Scalasca  (Scalasca 2.6, revision 748ac9e9)
Scalable Performance Analysis of Large-Scale Applications
Runtime measurement collection & analysis

While applications instrumented by Score-P can be executed directly with a measurement configuration defined via environment variables, the scalasca -analyze (or short scan) convenience command provided by Scalasca can be used to control certain aspects of the Score-P measurement environment during the execution of the target application. To produce a performance measurement using an instrumented executable, the target application execution command is prefixed with the scalasca -analyze (or short scan) command:

  $ scalasca -analyze [options] \
             [<launch_cmd> [<launch_flags>]] <target> [<target_args>]

For pure MPI or hybrid MPI+OpenMP/Pthreads applications, launch_cmd is typically the MPI execution command such as mpirun or mpiexec, with launch_flags being the corresponding command-line arguments as used for uninstrumented runs, for example, to specify the number of compute nodes or MPI ranks. For non-MPI (i.e., serial and pure multi-threaded) applications, the launch command and flags can usually be omitted.

In case of the example MPI application executable myapp introduced in the previous section, a measurement command starting the application with four MPI ranks could therefore be:

  $ scalasca -analyze  mpiexec -n 4 ./myapp
Attention
A unique directory is used for each measurement experiment, which (by default) must not already exist when measurement starts: otherwise measurement is aborted immediately.

A default name for the experiment directory is composed of the prefix "scorep_", the target application executable name, the run configuration (e.g., number of MPI ranks and/or OpenMP threads), and a few other parameters of the measurement configuration. For example, a measurement of the myapp application as outlined above will produce a measurement experiment directory named "scorep_myapp_4_sum".

Note
A number of settings regarding the measurement configuration can be specified in different ways. See the scan command reference in Section scan – Scalasca measurement collection and analysis nexus for details and available configuration options.

When measurement has completed, the measurement experiment directory contains various log files and one or more analysis reports. By default, runtime summarization is used to provide a summary report of the number of visits and time spent on each callpath by each process/thread, as well as hardware counter metrics (if configured). For MPI or hybrid MPI+OpenMP/Pthreads applications, MPI message statistics are also included.

Event trace data can also be collected as part of a measurement. This measurement mode can be enabled by passing the -t option to the scalasca -analyze command (or alternatively by setting the environment variable SCOREP_ENABLE_TRACING to either "1", "true", or "yes").

Note
Enabling event trace collection does not automatically turn off summarization mode (i.e., both a summary profile and event traces are collected). It has to be explicitly disabled when this behavior is undesired.

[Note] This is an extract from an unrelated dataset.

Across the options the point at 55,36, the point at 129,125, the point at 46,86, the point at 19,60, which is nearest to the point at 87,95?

When collecting a trace measurement, experiment trace analysis is automatically initiated after measurement is complete to quantify wait states that cannot be detected with runtime summarization, to determine their root causes, and to identify the critical path of the application. In addition to examining the trace-analysis report, the generated event traces can also be visualized with a third-party graphical trace browser such as Vampir [9].

Warning
Traces can easily become extremely large and unwieldy, and uncoordinated intermediate trace buffer flushes may result in cascades of distortion, which renders such traces to be of little value. It is therefore extremely important to set up an adequate measurement configuration before initiating trace collection and analysis! Please see Section Optimizing the measurement configuration as well as the Score-P User Manual [17] for more details on how to set up a filtering file and adjust Score-P's internal memory management.